Five people have been killed and 40 injured near the Houses of Parliament in the first mass casualty terror attack in the UK in over a decade.
A single terrorist mowed down pedestrians on Westminster Bridge in a 4x4 vehicle, causing three deaths. The vehicle then mounted the pavement close to Big Ben before crashing into a barrier.
Armed with two large knives, the attacker then tried to storm the parliament precinct where he confronted and stabbed an unarmed police officer, who died at the scene.
The attacker was then shot by police and later succumbed to his wounds, as dozens lay injured in a scene of carnage at the heart of Britain's political establishment.
The policeman who died has been named by the Metropolitan Police as Keith Palmer, 48. He was part of the Diplomatic Protection Service.
The attacker has not been named by police but he was said to have been inspired by international terrorism.

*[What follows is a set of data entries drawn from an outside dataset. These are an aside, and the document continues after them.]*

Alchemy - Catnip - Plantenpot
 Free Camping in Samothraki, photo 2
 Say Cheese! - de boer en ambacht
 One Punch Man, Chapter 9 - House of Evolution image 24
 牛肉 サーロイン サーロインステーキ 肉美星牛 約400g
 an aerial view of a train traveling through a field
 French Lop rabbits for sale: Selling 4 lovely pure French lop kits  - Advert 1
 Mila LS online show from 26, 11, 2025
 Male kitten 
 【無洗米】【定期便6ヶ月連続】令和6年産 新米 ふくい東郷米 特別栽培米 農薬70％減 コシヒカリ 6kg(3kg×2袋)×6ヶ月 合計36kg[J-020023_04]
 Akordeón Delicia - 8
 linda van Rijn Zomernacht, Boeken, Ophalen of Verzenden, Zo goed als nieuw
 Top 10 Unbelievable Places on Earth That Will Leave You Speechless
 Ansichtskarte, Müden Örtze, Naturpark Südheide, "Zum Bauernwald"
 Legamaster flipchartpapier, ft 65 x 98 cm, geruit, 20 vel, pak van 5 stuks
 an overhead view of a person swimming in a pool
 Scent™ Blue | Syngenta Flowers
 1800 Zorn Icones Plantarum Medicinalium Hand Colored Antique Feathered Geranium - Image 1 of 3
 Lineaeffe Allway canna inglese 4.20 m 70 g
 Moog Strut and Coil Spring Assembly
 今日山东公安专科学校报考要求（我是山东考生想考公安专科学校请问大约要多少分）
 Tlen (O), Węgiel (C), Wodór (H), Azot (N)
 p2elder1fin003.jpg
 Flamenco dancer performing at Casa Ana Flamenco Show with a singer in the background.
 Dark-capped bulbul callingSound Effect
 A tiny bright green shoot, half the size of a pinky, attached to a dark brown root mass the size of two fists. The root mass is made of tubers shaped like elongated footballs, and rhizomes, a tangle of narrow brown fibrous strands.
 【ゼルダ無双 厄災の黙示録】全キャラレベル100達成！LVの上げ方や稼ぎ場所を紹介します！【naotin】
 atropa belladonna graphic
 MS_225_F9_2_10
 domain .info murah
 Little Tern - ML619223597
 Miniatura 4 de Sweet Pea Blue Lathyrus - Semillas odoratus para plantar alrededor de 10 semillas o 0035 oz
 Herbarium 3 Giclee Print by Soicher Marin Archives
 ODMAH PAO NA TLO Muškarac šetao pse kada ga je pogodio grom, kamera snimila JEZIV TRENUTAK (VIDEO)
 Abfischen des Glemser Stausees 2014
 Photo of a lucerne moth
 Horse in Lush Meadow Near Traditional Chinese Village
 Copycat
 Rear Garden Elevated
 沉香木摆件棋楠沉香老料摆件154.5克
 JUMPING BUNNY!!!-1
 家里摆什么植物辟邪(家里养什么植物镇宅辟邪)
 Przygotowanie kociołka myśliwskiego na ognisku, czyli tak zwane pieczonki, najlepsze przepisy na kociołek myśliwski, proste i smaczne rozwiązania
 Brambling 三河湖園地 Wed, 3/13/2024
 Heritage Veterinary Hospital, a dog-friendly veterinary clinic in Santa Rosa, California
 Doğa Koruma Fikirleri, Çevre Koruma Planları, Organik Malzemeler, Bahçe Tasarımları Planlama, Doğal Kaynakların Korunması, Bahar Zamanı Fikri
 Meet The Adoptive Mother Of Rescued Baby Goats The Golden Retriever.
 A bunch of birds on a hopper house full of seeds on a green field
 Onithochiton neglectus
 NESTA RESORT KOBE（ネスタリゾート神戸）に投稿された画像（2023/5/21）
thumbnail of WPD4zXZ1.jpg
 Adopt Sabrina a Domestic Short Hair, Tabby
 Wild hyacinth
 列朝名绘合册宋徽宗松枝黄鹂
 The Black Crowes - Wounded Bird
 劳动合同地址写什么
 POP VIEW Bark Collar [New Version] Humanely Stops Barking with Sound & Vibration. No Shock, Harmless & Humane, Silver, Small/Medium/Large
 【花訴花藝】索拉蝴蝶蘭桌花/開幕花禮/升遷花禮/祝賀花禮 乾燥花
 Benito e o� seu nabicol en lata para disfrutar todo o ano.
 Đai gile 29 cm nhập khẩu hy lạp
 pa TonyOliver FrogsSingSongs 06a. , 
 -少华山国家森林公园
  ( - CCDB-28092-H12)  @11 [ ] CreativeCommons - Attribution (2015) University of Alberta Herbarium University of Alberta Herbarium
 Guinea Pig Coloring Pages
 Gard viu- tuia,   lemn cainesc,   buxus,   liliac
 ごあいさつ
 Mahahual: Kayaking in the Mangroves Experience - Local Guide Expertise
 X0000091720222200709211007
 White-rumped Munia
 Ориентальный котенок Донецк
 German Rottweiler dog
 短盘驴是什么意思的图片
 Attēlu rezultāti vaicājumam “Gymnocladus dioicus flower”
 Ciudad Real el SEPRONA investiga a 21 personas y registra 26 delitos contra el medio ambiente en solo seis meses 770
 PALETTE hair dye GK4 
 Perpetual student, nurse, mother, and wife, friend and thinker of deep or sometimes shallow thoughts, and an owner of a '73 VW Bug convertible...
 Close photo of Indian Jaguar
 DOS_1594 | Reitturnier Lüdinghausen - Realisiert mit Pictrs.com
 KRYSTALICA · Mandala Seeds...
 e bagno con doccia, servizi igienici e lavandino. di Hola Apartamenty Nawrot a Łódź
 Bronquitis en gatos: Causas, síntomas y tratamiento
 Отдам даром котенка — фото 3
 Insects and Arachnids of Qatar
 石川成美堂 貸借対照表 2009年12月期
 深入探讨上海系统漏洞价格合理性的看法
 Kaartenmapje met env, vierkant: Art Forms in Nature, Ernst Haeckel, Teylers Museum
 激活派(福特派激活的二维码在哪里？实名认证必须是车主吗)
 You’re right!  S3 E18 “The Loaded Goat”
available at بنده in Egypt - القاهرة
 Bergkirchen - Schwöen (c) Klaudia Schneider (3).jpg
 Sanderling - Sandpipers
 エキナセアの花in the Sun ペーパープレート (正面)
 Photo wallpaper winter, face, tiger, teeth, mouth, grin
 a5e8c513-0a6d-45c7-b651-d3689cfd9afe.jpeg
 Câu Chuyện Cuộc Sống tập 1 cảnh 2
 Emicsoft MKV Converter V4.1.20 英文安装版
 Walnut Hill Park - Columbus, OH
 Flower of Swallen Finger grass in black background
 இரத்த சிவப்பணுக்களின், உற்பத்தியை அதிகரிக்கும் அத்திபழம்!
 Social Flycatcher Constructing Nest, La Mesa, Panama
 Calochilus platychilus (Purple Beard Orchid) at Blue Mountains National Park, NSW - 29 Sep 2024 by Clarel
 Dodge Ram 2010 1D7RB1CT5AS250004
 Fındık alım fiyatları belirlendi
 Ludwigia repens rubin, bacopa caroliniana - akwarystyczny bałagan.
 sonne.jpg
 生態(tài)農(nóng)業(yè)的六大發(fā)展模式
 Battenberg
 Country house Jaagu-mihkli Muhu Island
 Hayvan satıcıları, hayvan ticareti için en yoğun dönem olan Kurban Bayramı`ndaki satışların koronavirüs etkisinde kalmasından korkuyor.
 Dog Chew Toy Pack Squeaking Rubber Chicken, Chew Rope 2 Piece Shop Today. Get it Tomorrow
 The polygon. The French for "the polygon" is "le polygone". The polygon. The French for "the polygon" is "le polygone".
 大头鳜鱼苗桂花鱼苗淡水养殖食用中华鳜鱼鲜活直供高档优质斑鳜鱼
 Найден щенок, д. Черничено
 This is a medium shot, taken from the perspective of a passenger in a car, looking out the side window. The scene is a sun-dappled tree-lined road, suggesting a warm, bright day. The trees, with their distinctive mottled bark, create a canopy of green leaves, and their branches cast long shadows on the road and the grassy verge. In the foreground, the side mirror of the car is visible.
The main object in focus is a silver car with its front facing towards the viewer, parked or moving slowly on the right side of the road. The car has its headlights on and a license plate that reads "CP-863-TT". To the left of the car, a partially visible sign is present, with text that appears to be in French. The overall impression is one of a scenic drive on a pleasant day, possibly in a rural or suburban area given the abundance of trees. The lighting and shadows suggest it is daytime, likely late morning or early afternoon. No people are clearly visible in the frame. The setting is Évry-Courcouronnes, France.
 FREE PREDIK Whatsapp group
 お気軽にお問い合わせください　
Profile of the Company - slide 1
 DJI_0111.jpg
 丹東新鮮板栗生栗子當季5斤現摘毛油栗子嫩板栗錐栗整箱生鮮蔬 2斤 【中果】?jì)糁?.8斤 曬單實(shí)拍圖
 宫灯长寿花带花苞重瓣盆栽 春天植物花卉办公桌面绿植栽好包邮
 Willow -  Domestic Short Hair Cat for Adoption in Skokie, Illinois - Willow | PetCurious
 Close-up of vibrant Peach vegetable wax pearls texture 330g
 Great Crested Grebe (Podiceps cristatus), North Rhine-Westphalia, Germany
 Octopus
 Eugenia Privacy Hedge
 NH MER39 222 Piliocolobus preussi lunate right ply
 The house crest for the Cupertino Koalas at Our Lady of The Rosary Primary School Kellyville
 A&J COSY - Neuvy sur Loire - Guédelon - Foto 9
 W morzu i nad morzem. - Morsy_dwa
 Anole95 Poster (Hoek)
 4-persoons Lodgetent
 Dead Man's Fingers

The nature of the attack had echoes of vehicle attacks in Nice and Berlin.
Both Houses of Parliament were locked down for several hours after the incident which occurred at 2.40pm GMT on Wednesday (22 March), less than three hours after Prime Minister's Questions.
The head of counter-terrorism at Scotland Yard, Mark Rowley, said: "This is a day that we had planned for – that we all hoped would never happen – but sadly it is now a reality."
Prime Minister Theresa May condemned the attack and praised the response of the police. She told the press outside 10 Downing Street: "For those of us who were in Parliament at the time of this attack, these events provide a particular reminder of the exceptional bravery of our police and security services who risk their lives to keep us safe.
"Once again today, these exceptional men and women ran towards the danger, even as they encouraged others to move the other way."
There is now a huge investigation under way involving Scotland Yard's counter-terrorism command and MI5. There has been an extra deployment of officers onto the streets.